At this point, RDFox will load the data (without performing any reasoning yet) and will provide information about the progress of loading. We can see an excerpt of such information below:

> import LUBM-large.ttl
Adding data in file './LUBM-large.ttl'.
[1]: START './LUBM-large.ttl'
[1]: PROGRESS './LUBM-large.ttl'
    Time since start of import:      1001 ms
    Time since start of this import: 1001 ms
    Facts processed in this import:  418000
[1]: PROGRESS './LUBM-large.ttl'
    Time since start of import:      2001 ms
    Time since start of this import: 2001 ms
    Facts processed in this import:  795000
[1]: PROGRESS './LUBM-large.ttl'
    Time since start of import:      3002 ms
    Time since start of this import: 3002 ms
    Facts processed in this import:  1164000
...

[1]: FINISHED './LUBM-large.ttl'
    Time since import start:         13143 ms
    Time since start of this import: 13143 ms
    Facts processed  in this import: 5000000
    Number of finished imports:      1
    Total facts processed so far:    5000000
Import operation took 17.8 s.
Processed 5000000 facts, of which 5000000 were updated.

In particular, we can see how many data facts have been imported each second. We can also see that, in the end, 5,000,000 data triples were imported and that the import took 17.8s in total.

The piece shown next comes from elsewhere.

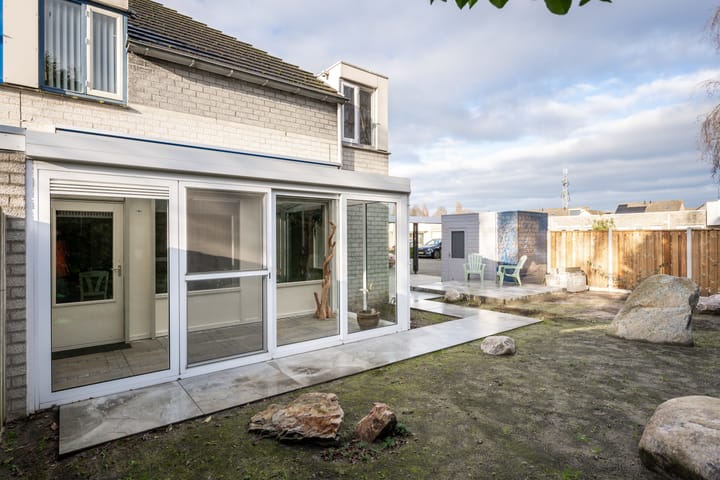 Foto 19 van Citroenvlinder 12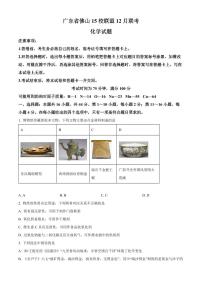 2024届广东省佛山市15校联盟高三上(1月月考)-化学试题（含答案）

We can now compute the materialization of the LUBM rules and facts in the store using the mat command:

mat

RDFox will display information about the number of facts generated:

Materializing rules incrementally.
Rules will be processed by strata.
Maximum depth of backward chaining is unbounded.
Materialization time:      0 s.
------------------------------------------------------------------------------------------------
Table            |  Facts                   |  EDB                     |  IDB
------------------------------------------------------------------------------------------------
internal:triple  |  6,826,914 -> 6,826,914  |  5,000,000 -> 5,000,000  |  6,826,913 -> 6,826,913
------------------------------------------------------------------------------------------------

The column labeled EDB tells us the number of facts that were explicitly given in the data file. In turn the column labeled IDB indicates the total number of facts in the store after materialization; in our case, this means that the system has derived a total of over 1.8 million new facts through rule application. The Table column indicates the name of each tuple table in the store. In this case, we just have the default triple table, but in other cases we may also have other tuple tables such as those obtained from named graphs. Each different tuple table will have different numbers of explicit and derived facts. Finally, the column labeled facts indicates the total number of memory slots that were reserved by different threads during reasoning; this number can actually be larger that the total number of facts in the system as some of these slots may not have been used to store a fact.

5.9. Querying the Explicitly given Data

After reasoning, RDFox will by default answer all SPARQL queries with respect to the obtained materialization. For instance, suppose that we have a data store with fact :a rdf:type :A and the following rules:

[?x, rdf:type, :B] :- [?x, rdf:type, :A] .

[?x, rdf:type, :C] :- [?x, rdf:type, :B] .

[?x, rdf:type, :D] :- [?x, rdf:type, :B] .

[?x, rdf:type, :A] :- [?x, rdf:type, :D] .

The materialization will contain the following facts, where three of them have been derived and only fact :a rdf:type :A was originally in the data:

:a rdf:type :A .
:a rdf:type :B .
:a rdf:type :C .
:a rdf:type :D .

If we issue a query

SELECT ?x WHERE { ?x rdf:type :D }

we will obtain :a as a result.

In RDFox it is possible to query only the explicit data even after materialization has been performed. For this, we can use the shell command

set query.domain EDB

If we then issue the previous query again we will obtain the empty answer as a result.